Zweimüller behilft sich, indem er ein Comic-artiges Szenario entwirft. Gut und Böse sind klar getrennt, ebenso unversöhnlich nebeneinander Technik und Natur. „Stadt“ macht krank, Freizeit ist ökonomisch organisierter Zwang. Pseudopfiffige Getränke in Themenlokalen, während sich draußen Jogger und Radfahrer verlustigen, „die am Teich eine Pause einlegten, um auf ihren Fitnessuhren und Smartphones herumzudrücken“.

Den Gegenpol zu „Stadt“ bildet der Waldmensch Jona, der im von der Mutter angekauften Häuschen nach einem autonomen Leben strebt. Den Verlust seiner Eltern kreidet Jona der „Stadt“ an. Den karrieretechnisch überforderten Vater fällte ein Herzinfarkt, die Mutter Fenja, eine Kunstmalerin, sprang aus dem 15. Stock in die Tiefe, nachdem sie ihr Herz an einen erfolgreichen Anwalt verschenkt hatte.

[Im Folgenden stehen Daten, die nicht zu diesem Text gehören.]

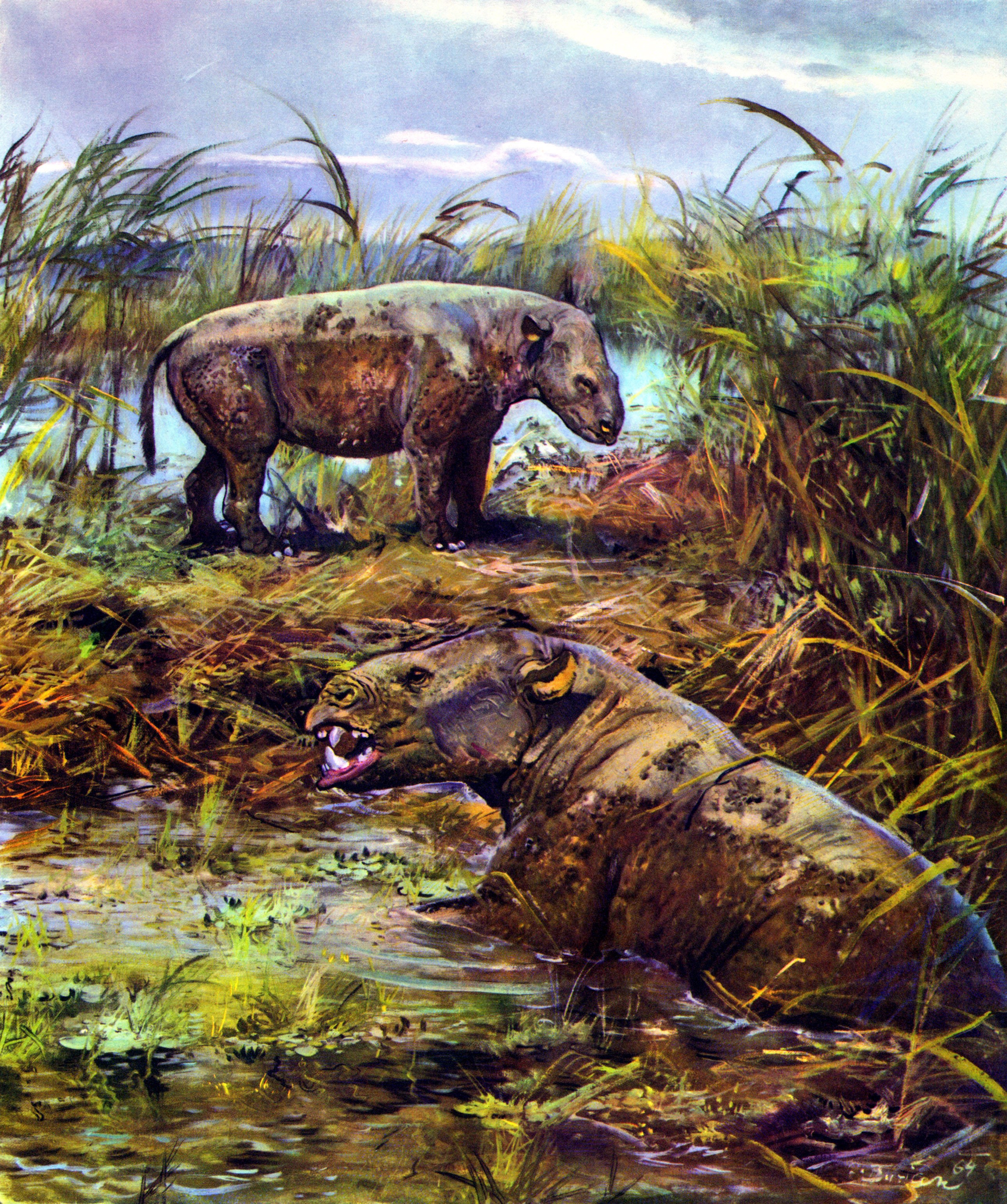 Metamynodon in a swamp by Zdenek Burian HD Wallpaper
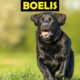 Boelis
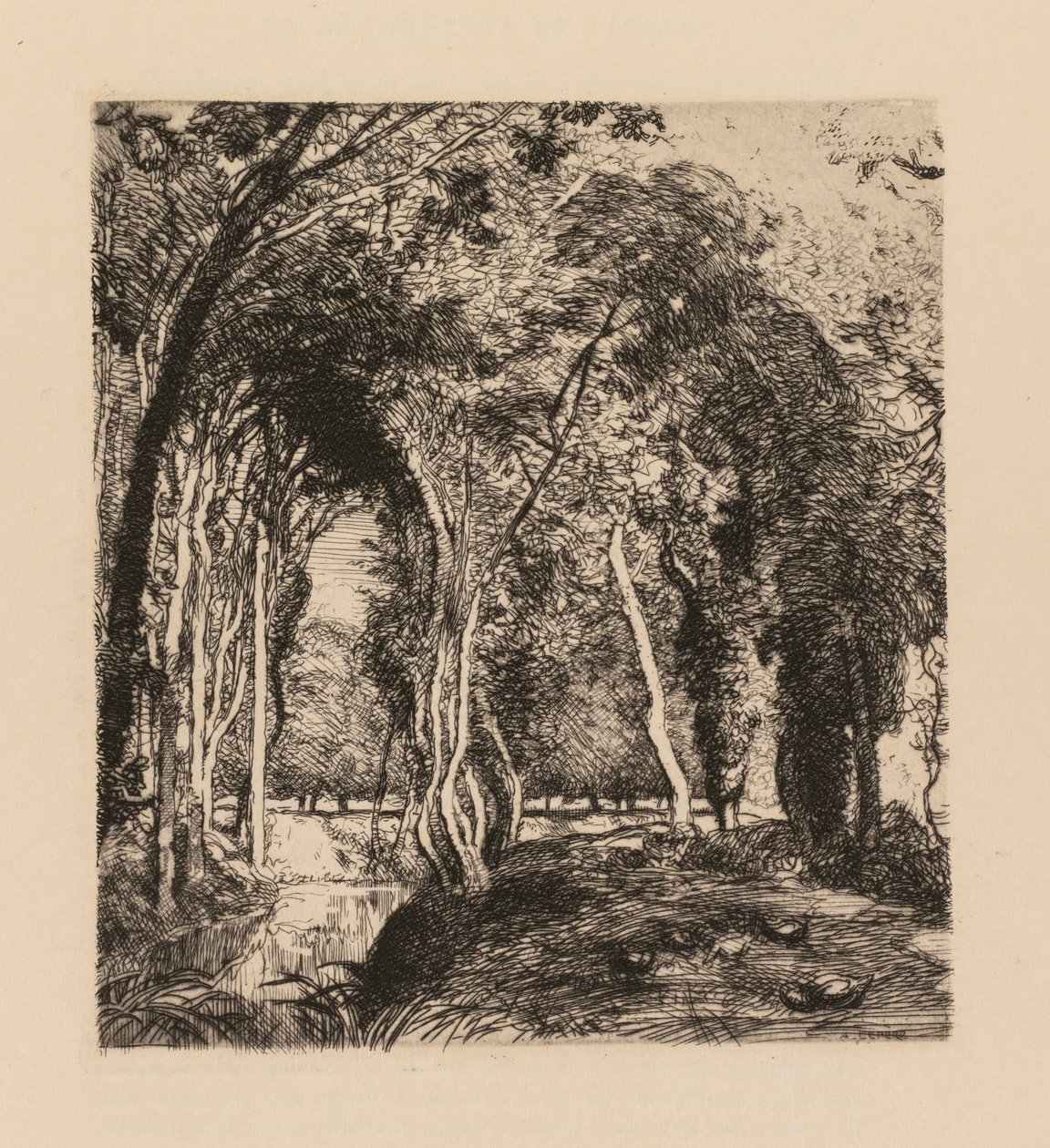 Auguste Lepère: Sous bois, à la Rigonette Vendée door Auguste Louis Lepère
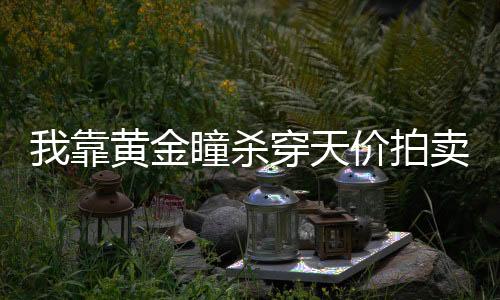 我靠黄金瞳杀穿天价拍卖会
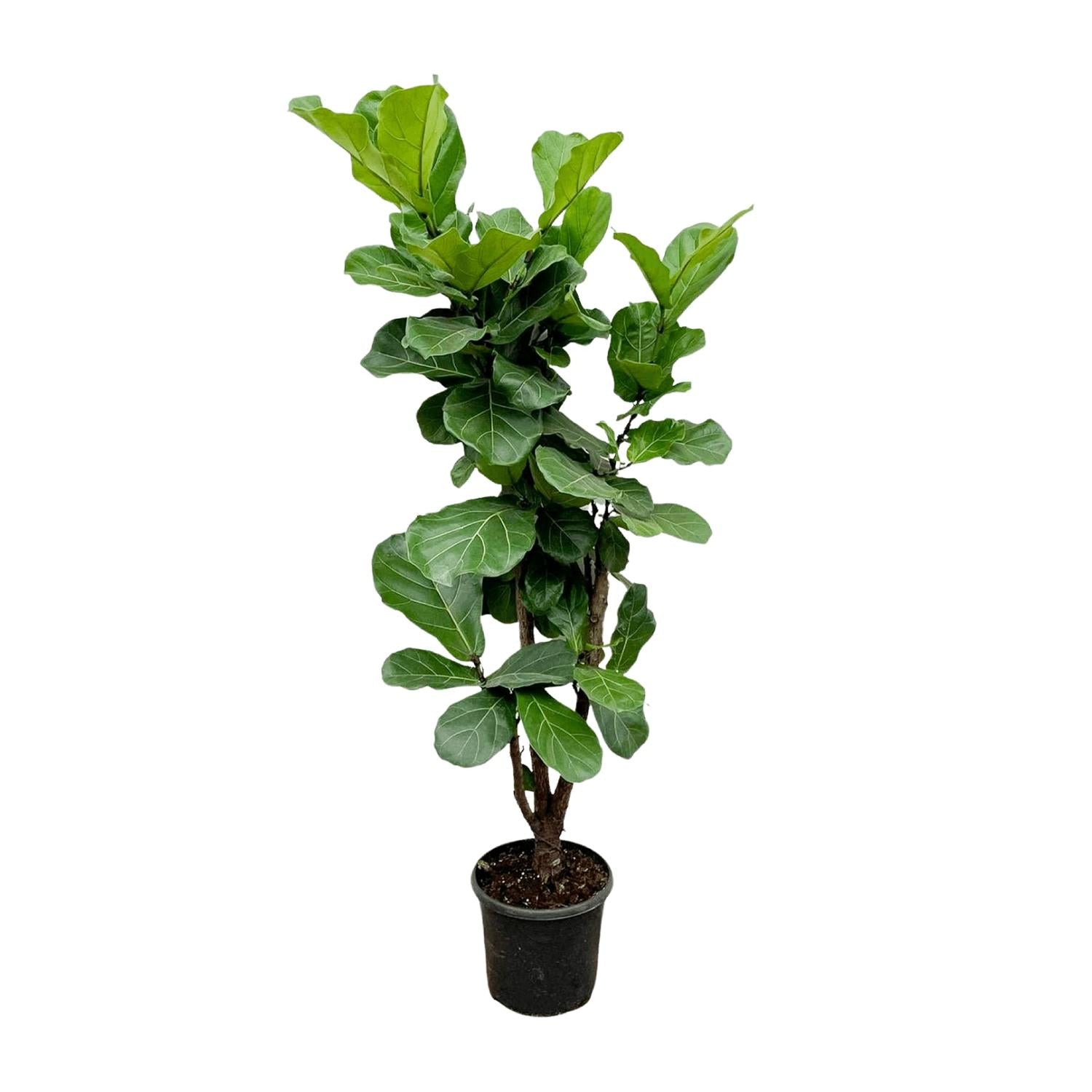 Ficus Lyrata (vertakt) Ø 32 H 180 cm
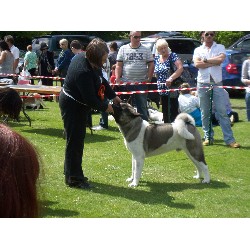 Akita Breeder in Middlesbrough, North Yorkshire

Dass dem weltabgewandten Jona eine zierliche, liebesbereite (und kampfstarke) Frau über den Weg läuft, ist eine schicke, popkulturell vielfach erprobte Männerfantasie. Jonas Gefährtin ist die japanischstämmige Hikaru, die er bei einem von ihm organisierten Überlebenstraining kennenlernt. Hikaru trauert um ihre tote Zwillingsschwester, vor allem der Schmerz bindet Jona und Hikaru aneinander. Doch sie trennen sich, Hikaru kehrt in die Stadt zurück, wo sie bald auf Zeichen von Jonas Gegenwart stößt.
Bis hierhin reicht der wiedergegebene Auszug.